まぁ見た人には言わなくても分かると思いますが、この映画は以下のように
- 前半 : ワンカットのゾンビ映画…なんだけどかなり違和感の残る映像がひたすら流れる
- 中盤 : その映像が作られた背景と、監督の苦労と苦悩
- 後半 : 冒頭のワンカットムービーの撮影の舞台裏
というメタ的な構成になっています。
デザインされた映画
特に自分は、「完璧に設計された」映画だという感想を持ちました。
映画が好きな人には「新しい」と思えるでしょうし、イベントや撮影の仕事をされている人にとっては後半は「あるある!」という膝を打つような楽しみ方ができるだろうし、サイドストーリー的に挟まれる親子愛に泣いてもいいし、いろんな楽しみ方ができるのではと。それだけでなく、それらが全て「笑えるエンタメ」という形で昇華されているので、何というか、「否定しようが無い」読後感を与えているように思いました。

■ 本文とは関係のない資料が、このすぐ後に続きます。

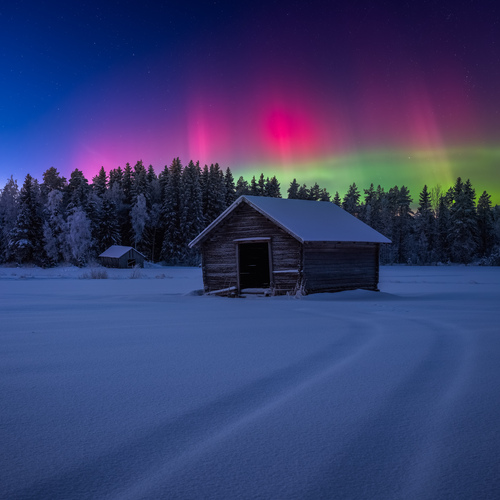 Photo #14224732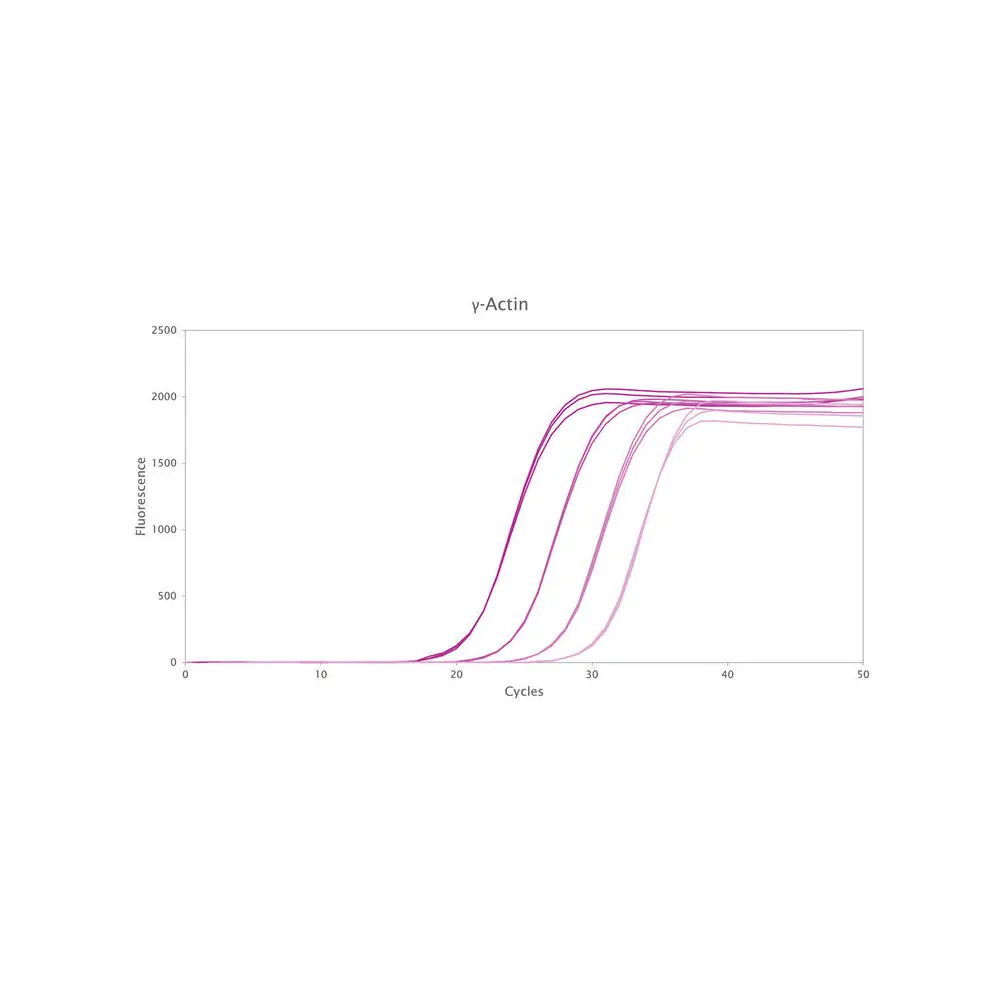 PCR Biosystems PB20.72-50 Clara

加えて、SNSでネタバレしたら楽しみ方が半減されてしまうこの映画でこの時代に打って出たのは正解であるように思います。これはドラクエ11も同じことが起きていました。
ネタバレ禁止のエンタメ映画 × SNSという時代 が組み合わさると、確かに「詳しく言えないが、おもしろかった」としか言いようがない。じゃあ自分がどうだったかというと…やっぱり、SNS上や仕事仲間に「おもしろかった」という感想を多く見聞きするうちに、「そんなにおもろいなら見てみるか」とノせられたのは間違いないです。
監督にはこうなる事が見えていたのでは、という気がします。勝手な想像ですが。
感情やメッセージを映像表現にピュアに昇華するスキルを持つ人をアーティストと呼ぶのかもしれませんが、上述の意味で、この監督はデザイナー的スキルで映像を作っているように思われます。映画を見る人が、映画館の外でどういう気持ちになるかも設計してるような気がする。考え過ぎですかね。
奇しくも映画中に「俺の作品だ」というセリフが登場しますが、これがアンチテーゼになっていると考えるともうメタ過ぎてよく分からなくなってきます。
涙もあってよかった
またこの映画、エンタメだけに振り切ってないところがより良かったように思います。監督さんを中心にしたサイドストーリーにちょっとだけ涙の要素があった。
- 使い勝手のよい映像監督になってしまったキャリア
- 元女優時代を忘れられない奥さん
- 過去のものになってしまった父と娘の愛情
そういう伏線や感情の回収の手段が天才的だと思いました。ワンカットムービーで不自然だった点 = 実はトラブル回避のためのアドリブだった = 家族が絆を取り戻すための魂の叫びだった、という構造になっている。それが冗長に語られるのでなく、一瞬のシーンだけでスパスパ回収されていくテンポがよかったし。そのテンポの良さがこの映画の一番いいところだと思うんですが、それが功を奏してラストの人間ピラミッドのシーンが「笑いと感動が混じった」どう説明していいのか分からないけど良シーンに仕上がっていたと思います。まさに「なんて説明したらいいか分からない」この映画を象徴するシーンでは。
日本の映画ってやたら暗いテーマのものが多い気がするので、こういうエンターテイメントが増えてもいいのになぁと思います。この映画の監督が三谷幸喜の「ラヂオの時間」に影響を受けたとインタビューで言っていたようなので、この作品も見てみようと思いました。